SQL Query to find users that install and uninstall

2020-06-29 03:38发布

问题:

I am trying to find the users that install and uninstall the App on the same day using the data from Firebase Analytics in Google BigQuery

This is where I got so far. I have a query that gives me users (or app_instance_id) who install or uninstall the App:

SELECT event.date,
user_dim.app_info.app_instance_id,
event.name
FROM `app_name.app_events_20180303`,
UNNEST(event_dim) AS event
WHERE (event.name = "app_remove" OR event.name = "first_open")
ORDER BY app_instance_id, event.date

It gives me the following result where I can see that row 1 and 2 are the same user that installs and uninstalls the App:

I´ve tried to modify the previous query by using

WHERE (event.name = "app_remove" AND event.name = "first_open")

which gives: Query returned zero records.

Do you have any suggestions on how to achieve this?
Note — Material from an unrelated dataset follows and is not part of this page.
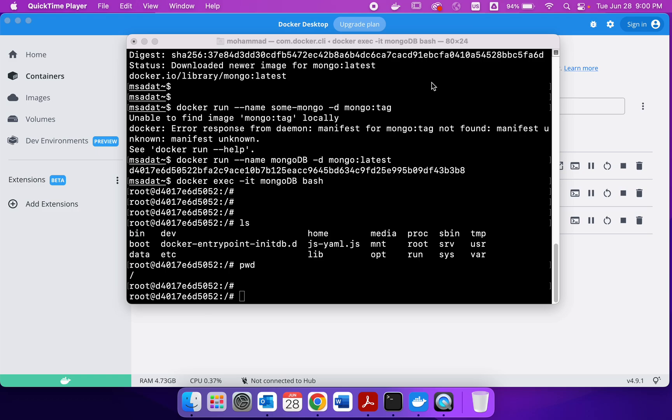Now that we got Docker working and we got the MongoDB container installed, the next thing that we are going to explore is how we can implement the replication properties in MongoDB.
Thanks.

回答1:

Try this, although I did not test it;

SELECT date,
       app_instance_id
FROM 
(SELECT event.date,
user_dim.app_info.app_instance_id,
event.name
FROM `app_name.app_events_20180303`,
UNNEST(event_dim) AS event
WHERE (event.name = "app_remove" OR event.name = "first_open"))
GROUP BY app_instance_id, date
HAVING COUNT(*) = 2
ORDER BY app_instance_id, date


回答2:

Usually we can join the table by itself to find out such result, something like:

SELECT t1.date, t1.app_instance_id
FROM event as t1, event as t2
WHERE t1.date = t2.date and t1.app_instance_id = t2.app_instance_id and t1.name = "app_remove" and t2.name = "first_open"
ORDER by t1.app_instance_id, t1.date



回答3:

To start, it's worth noting that iOS does not yield app_remove, so this query only counts Android users who go through the install/uninstall pattern.

I created a sub-set of users who emitted first_open and app_remove, and counted those entries grouped by the date. I only kept instances where users installed and removed the app the same number of times in a day (greater than zero).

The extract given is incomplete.